Figure 2: Industries Slow to Adopt Technology …

2025-FinInfra-why-now-Figure-2
Source: Moneycontrol.com.

Figure 3: … Have Lost Share in the Global Economy

2025-FinInfra-why-now-Figure-3
Sources: MSCI, “The Regional Breakdown of Market Sectors Over Time.”
Where Are the Opportunities?

In our view, four sectors offer more than 80% of the $4 trillion financial infrastructure opportunity, with many of the businesses in these sectors misunderstood by investors or underutilized by corporate owners. Rising consumer expectations and demand coincide with rising operating costs that many financial infrastructure companies cannot absorb:

  • In the payments sector, for example, the pandemic accelerated a shift among consumers away from cash and toward digital payments. That shift continues, as cash usage declined by nearly 4 percentage points globally in 2022, according to McKinsey.4 And as consumers become more accustomed to digital alternatives, their expectations grow. From cash to checks to credit cards to digital wallets and biometric payments like fingerprint scanning or facial recognition, consumers are less willing to fumble for their wallets when it’s time to pay up. Although payment options like these have not yet overtaken credit cards, the world is increasingly becoming digital-first (see Figure 4). Digital wallets, for example, are expected to increase to over 40% of the global point-of-sale payment share.5

Figure 4: Many More Ways to Pay

2025-FinInfra-why-now-Figure-4
Source: WorldPay, “The Global Payments Report,” 2018, 2021 and 2023 editions.

And it’s not just payments. Challenges like these are being confronted in almost every facet of the $28 trillion financial services economy. For example:  

  • In the capital markets sector, volatility is rising from rapidly evolving macroeconomics, wealth dynamics, market participation and consumer preferences. With data and analytics investments driving growth, companies need to upgrade their infrastructure to facilitate the flow of capital from investors to equity issuers and secondary exchanges.
     
  • In the banking technology sector, critical investments in the customer experience are required to meet banking service expectations. Financial institutions with limited in-house capabilities, such as credit unions and community banks, are seeking scalable and cloud-based software that can more seamlessly facilitate everything from opening a new account to applying for a loan.
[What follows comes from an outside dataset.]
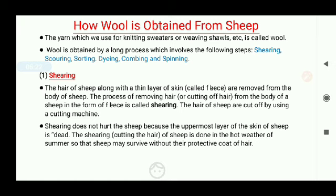The first step is shearing. Shearing is the process in which the hair of the sheep, along with a thin layer of skin called fleece, is removed from the body of the sheep. The hair of sheep are cut off using a cutting machine. Shearing does not hurt the sheep because the uppermost layer of the skin of a sheep is dead. Usually, shearing is done in the hot weather of summer so that the sheep may survive without their protective coat of hair.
This heavily regulated sector requires updates for all relevant regulations affecting its products and services.
     
  • In the wealth sector, the need to give consumers choice and eliminate paper-based processes is enabling service platforms that act as the pipeline for third-party funds to be distributed through legacy wealth management channels. Companies in this sector are increasingly using outsourced third-party platforms or software to satisfy increasingly complex client needs. Tailwinds include underlying growth in global household wealth, with an increasing proportion of these assets being invested in independently advised channels.
Looking Ahead

These trends mean that many financial services companies will have to fundamentally change their business models so they can develop digital solutions to meet their customers’ needs and operate in a rapidly evolving global economy. That will require heavy investment in areas that, for many financial services conglomerates and banks, are not part of their core businesses—despite being foundational to the global economy. We are already seeing many of these assets moving off these companies’ balance sheets, creating attractive opportunities in this “invisible” infrastructure sector.

Endnotes:

1. Brookfield internal research. 
2. McKinsey, UN Conference on Trade and Development, June 2023.
3. Consumer preference source: Worldpay. “Global Payments Report”, 2025. Time period from 2014 to 2024. Deglobalization source: IMF. Time period from 2014 to 202. Innovation source: https://www.tradeweb.com/newsroom/media-center/insights/commentary/elec… and https://www.tradeweb.com/newsroom/media-center/insights/blog/what-the-l…. Time period from 2013 to 2024. Regulation source: https://bpi.com/survey-finds-compliance-is-growing-demand-on-bank-resou…. Time period from 2016 to 2023. 
4. McKinsey, “2023 Global Payments Report,” September 2023. 
5. WorldPay, “The Global Payments Report,” 2018, 2021 and 2023 editions.